By Gary Felds
Associated Press
WASHINGTON — Traditionally, the process of getting an opinion from the U.S. Supreme Court takes months and those rulings are often narrowly tailored. Emergency orders, especially during the court’s summer break, revolve around specific issues, like individual death penalty cases.
But that pattern has changed in recent years with decisions coming outside the court’s normal procedures. That has been especially true in the past two weeks. Since Aug. 24, that truncated process known as the shadow docket has moved at astronomical speed, producing decisions related to immigration, COVID-19 and evictions and, most recently, abortion. Those three decisions, with the conservative wing of the court in the majority, have the potential to affect millions of people, in a fraction of the time and outside the normal scrutiny signed opinions can bring.
“My memory is, typically, if the Supreme Court was acting in July and August, it was really that quintessential emergency appeal, dealing with something like a death penalty situation. It wasn’t like: What is immigration law going to be in our country? It wasn’t: Will tenants have certain rights? It wasn’t the big substantive questions,” said Jessica Levinson, a professor at Loyola Law School.
What is the normal process?
Participants petition the court to hear cases. If accepted, there are oral arguments before the justices, although during the coronavirus era that has meant via telephone. Before this happens, a case usually has gone through a full review and appeal in lower courts. Those deliberations are part of the material the justices reference. Amicus briefs are submitted by parties interested in the case.
Once the arguments are heard the judges meet in conference, discuss the cases and take preliminary votes. Opinions are assigned to be written and draft opinions are exchanged and often amended and changed.
The overall process is deliberative and one where the justices justify their conclusions in somewhat lengthy written legal opinions. The process between oral argument and issued opinion takes months.

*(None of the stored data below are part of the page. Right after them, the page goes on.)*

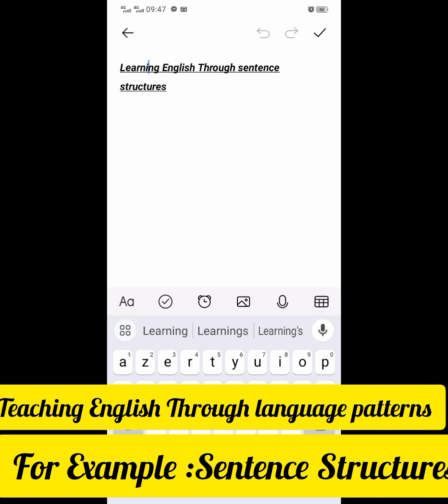Yet another reason: to make fewer mistakes when you speak. Sentence structures are error-free speech templates. Therefore it's fair to say that using them could make your spoken English less error-filled.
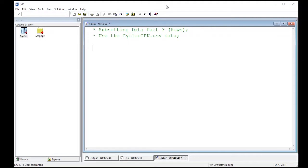Welcome to the SAS tutorial on subsetting data part three. This time we're going to look at more logic operators to help us subset our data. I've read in the cyclercpk.csv data found in the repository link below.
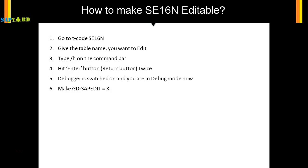In the debug mode, on the right-hand side you have the fast variable window where you can type the variable name GD. GD is a global variable name present in the standard tcode. In that, set GD-SAP_EDIT to X and also set GD_EDIT to X.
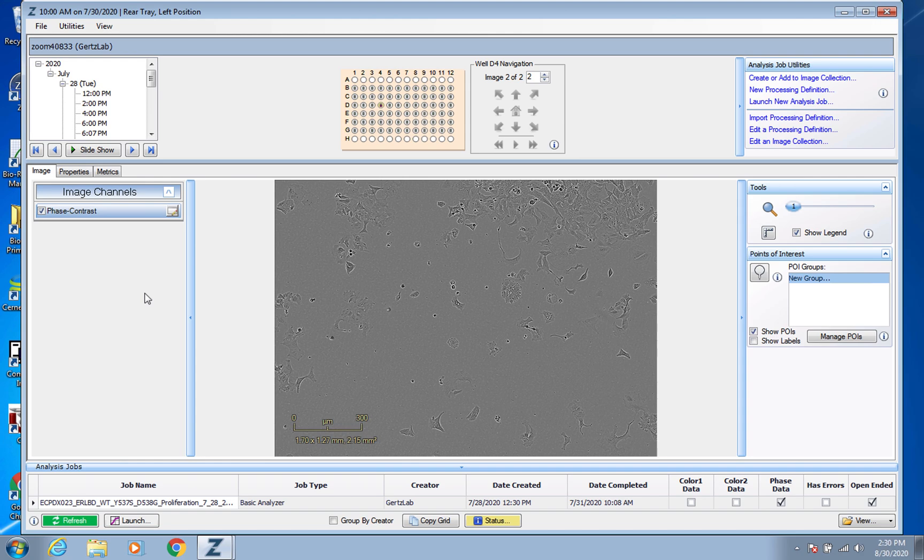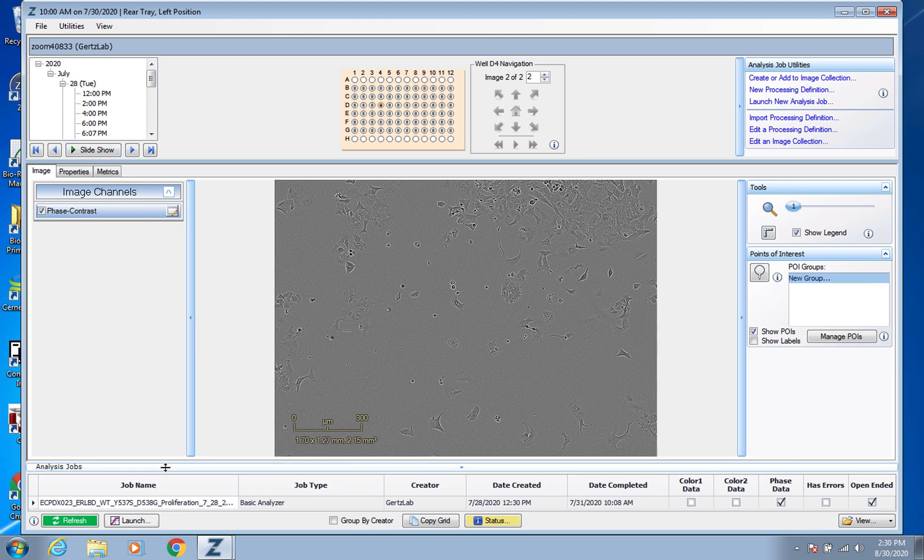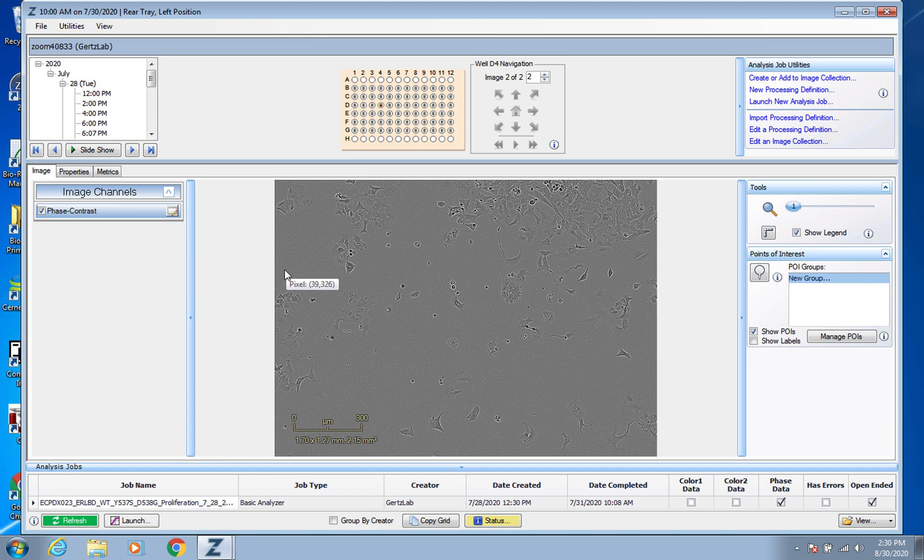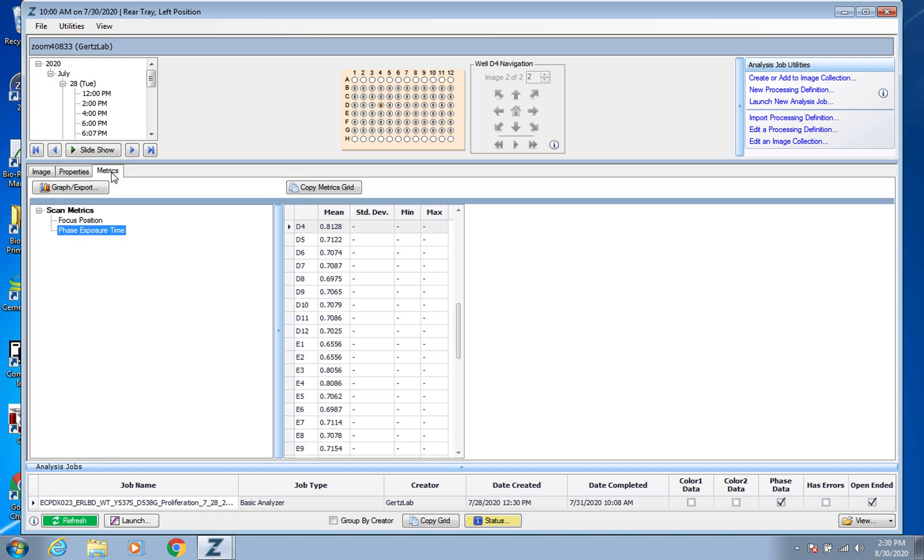Before I actually click on that, I want to point out a common mistake that people make is that they forget to actually go down here to the bottom where it says Analysis Jobs and double click on that job. They just are on this screen because the screens do look fairly similar and they go over to Metrics and export this data. This data is not the data that you want. This is just QC metrics about the machine itself and is useless to you.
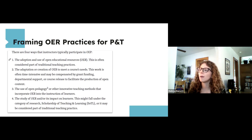As one of the previous presentations noted, open educational resources include much more than just textbooks — they could be assignments, data sets, and a variety of things. The question is whether, in our research and experience, it's mainly publications like textbooks or books that seem to fit into P&T, or whether other materials like data sets and assignments have been worked into the promotion and tenure process as well.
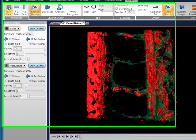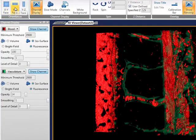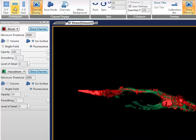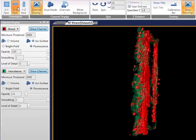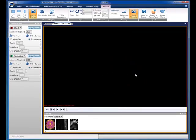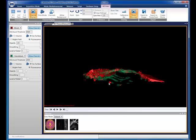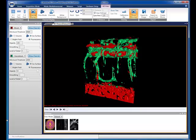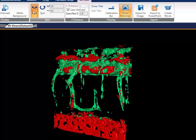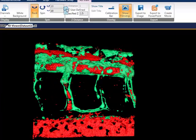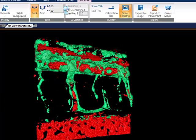Also included on the 4D tab are facing buttons. These allow you to quickly reorient the data along the axes and are very useful if you find yourself lost in the data. Also included on the 4D tab are the rock and spin controls. If rocking, you can control the angle of rotation and the rock speed. If spinning, you can control the speed of rotation.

What happens on the shadow docket?
The shadow docket, a phrase coined by University of Chicago Law School professor William Baude, skips many if not all of those steps. The biggest element: It does not possess the transparency and disclosure of a typical docket. Outside of a flurry of court filings between the plaintiffs and defendants in the three recent, prominent cases, there was little interaction between the court and the participants. None of the orders issued by the majority in the three cases was signed, although at least one of them ended the protection for roughly 3.5 million people in the United States who said they faced evictions in the next two months, according to Census Bureau data from early August.
What are the cases?
The first decision dealt with the Biden administration’s attempt to end a Trump-era program that forces people to wait in Mexico while seeking asylum in the U.S. With three liberal justices in dissent, the high court refused to block a lower court ruling ordering the administration to reinstate the program informally known as Remain in Mexico.
Days later the court’s conservative majority said the Centers for Disease Control and Prevention lacked the authority to reimpose a moratorium on evictions, a temporary ban that was put in place because of the coronavirus pandemic.
And this past week, the court allowed a new Texas law to go forward that bans most abortions in the state and is the biggest curb to the constitutional right to an abortion in decades, despite the fact the justices said there are serious questions about the constitutionality of the law.
Do any justices oppose the abbreciated process?
The liberal wing of the court has been vocal, but Chief Justice John Roberts’ comments in the abortion law case may have been the most straightforward in indicating a desire for the traditional process to give courts time to examine the “not only unusual, but unprecedented” statutory scheme.
“We are at this point asked to resolve these novel questions — at least preliminarily — in the first instance, in the course of two days, without the benefit of consideration by the District Court or Court of Appeals,” Roberts wrote. “We are also asked to do so without ordinary merits briefing and without oral argument.”
Justice Elena Kagan joined Roberts in his dissent in the abortion law case and wrote one of her own specifically about the shadow docket. “Today’s ruling illustrates just how far the Court’s ‘shadow-docket’ decisions may depart from the usual principles of appellate process,” she wrote. “That ruling, as everyone must agree, is of great consequence.”
She added that the majority ruling was missing guidance from the appeals court, included only cursory review of party submissions, and was done hastily and with little explanation for its conclusion. “In all these ways, the majority’s decision is emblematic of too much of this Court’s shadow docket decisionmaking,” Kagan wrote.